Because the design of the r.f. circuits is generally the thing that catches the most interest, many amplifier descriptions leave such things as power-supply details as a "problem for the student." And such details often are a problem. So are many of the other points touched on in this article describing a Class AB1 kilowatt linear.

We had a nice new s.s.b. exciter (Hallicrafters HT-32) and had made a few contacts, but were invariably snowed under by the full-gallon rigs that are now fairly commonplace. This led to thoughts about linear amplifiers. But we wanted to avoid the problems associated with swamping devices, so some form of grounded-grid circuit requiring driving power of the same order as the output of the HT-32 was indicated. At about this time the March, 1958 issue of QST arrived, and we studied the possibilities offered by the rigs built by W9KPD and W2DP,1 in which the new Penta PL-172 was employed. This jug offered 1-kw. plate dissipation with operation at relatively low plate voltage, which fitted our one-and-only high-voltage power supply. And so we started to work, lining up the required component parts, at the same time designing a chassis-housing for assembling them.

The Tube

When contemplating the component parts for any piece of electronic gear, the tube is the key to most of the other items required. The heater of the PL-172 is rated at 6.0 volts, not 6.3. Since only 6.3-volt transformers are available, some means of controlling and measuring the voltage had to be included in the design.

The cathode of the PL-172 is not connected to the heater but the two are pretty closely associated, and it became apparent that with the cathode isolated from ground the heater would require similar treatment.

As a Class AB1 linear amplifier with 200 volt on the plate and 500 volt on the screen the tube requires about 110 volt of negative bias. We wanted the voltage to be adjustable, yet reasonably well regulated, and guessed that a 15-volt range of bias adjustment would be satisfactory. The actual bias is the sum of the drops across an 0B2 voltage-regulator tube and a series resistor (R1 in Fig. 3) the latter being adjusted to provide the exact required bias.

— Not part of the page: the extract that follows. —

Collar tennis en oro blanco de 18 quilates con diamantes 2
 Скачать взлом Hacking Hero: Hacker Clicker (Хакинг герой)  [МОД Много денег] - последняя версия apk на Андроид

The screen of the PL-172 is rated to take an average current of less than 50 milliampere, under excitation. Since tetrode and pentode power amplifiers are far more sensitive to variations in screen voltage than plate voltage, we needed a source of adjustable and regulated screen voltage, capable of up to 100 mA or so peak current, at a maximum of 500 volt.

The suppressor grid of the PL-172 may be operated either at ground potential or with a 75 volt positive bias. If operated at zero volts the suppressor may simply be grounded at the socket, but if it is operated with positive bias (this, the manufacturer says, increases the overall efficiency of the tube) the r.f. impedance to ground should be 3 ohms or less. To satisfy this condition, we used a 5000 pF bypass right at the socket terminals.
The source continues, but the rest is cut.